(Provided material)
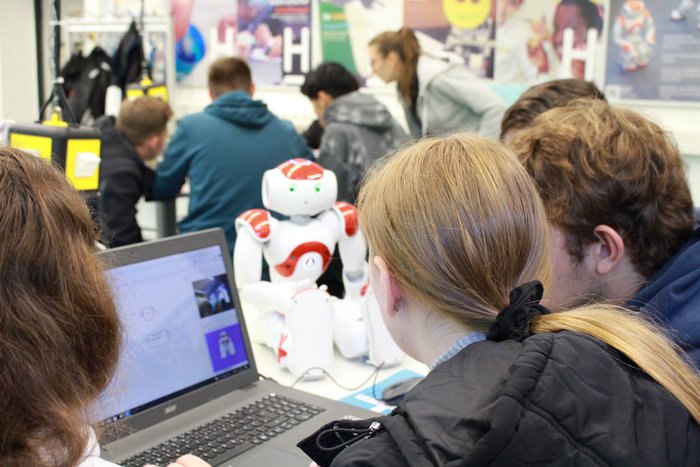 Blick von hinten auf Schülerinnen und Schüler beim Programmieren. Ihr Blick fällt auf ein Notebook, hinter dem ein NAO-Roboter sitzt. Der NAO-Roboter ist den Schülerinnen und Schülern zugewandt.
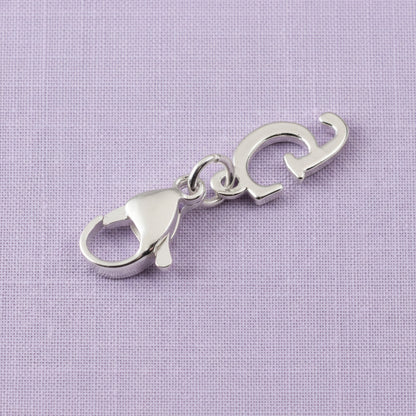 Hackberry Creek silver cursive letter G charm with a stainless steel lobster clasp on a light purple fabric background.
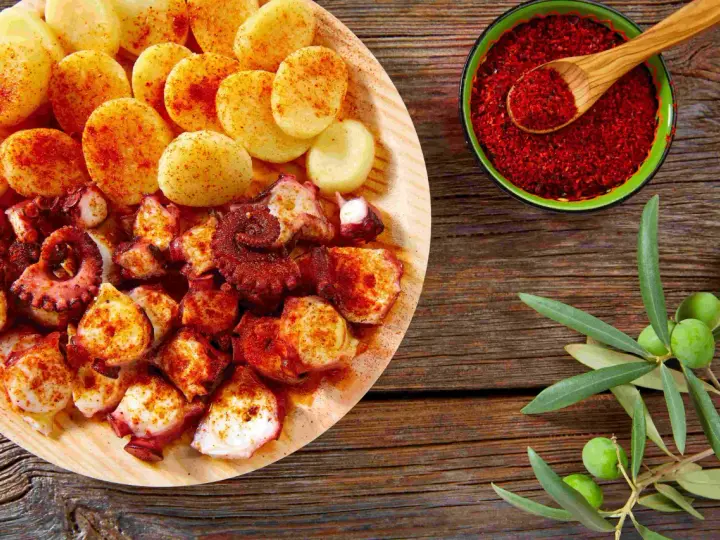 Piatto di polpo alla gallega con patate, paprika e rametto di ulivo.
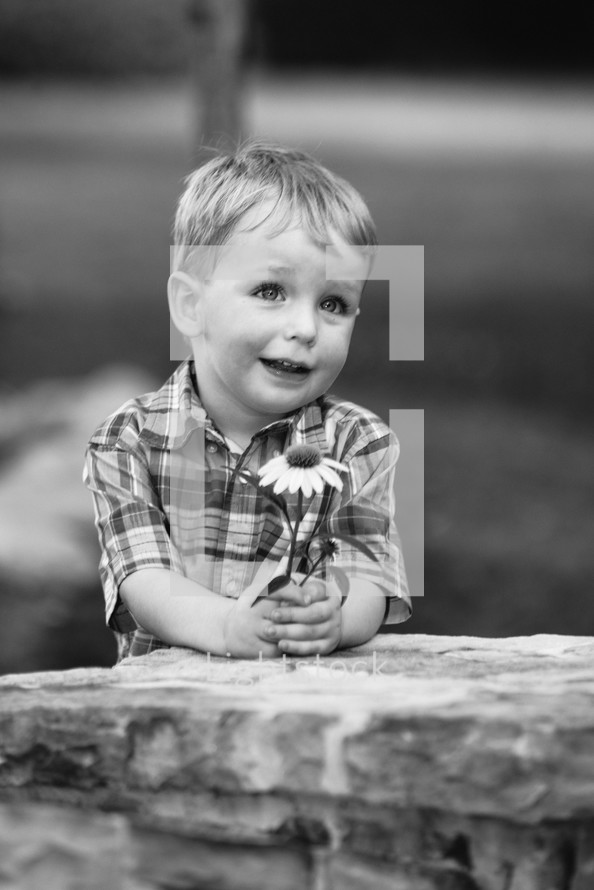 a boy child holding a flower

(What to do)
Every line of the data above is to be set down exactly; the pictures are not.

(Answer section)
 Blick von hinten auf Schülerinnen und Schüler beim Programmieren. Ihr Blick fällt auf ein Notebook, hinter dem ein NAO-Roboter sitzt. Der NAO-Roboter ist den Schülerinnen und Schülern zugewandt.
 Hackberry Creek silver cursive letter G charm with a stainless steel lobster clasp on a light purple fabric background.
 Piatto di polpo alla gallega con patate, paprika e rametto di ulivo.
 a boy child holding a flower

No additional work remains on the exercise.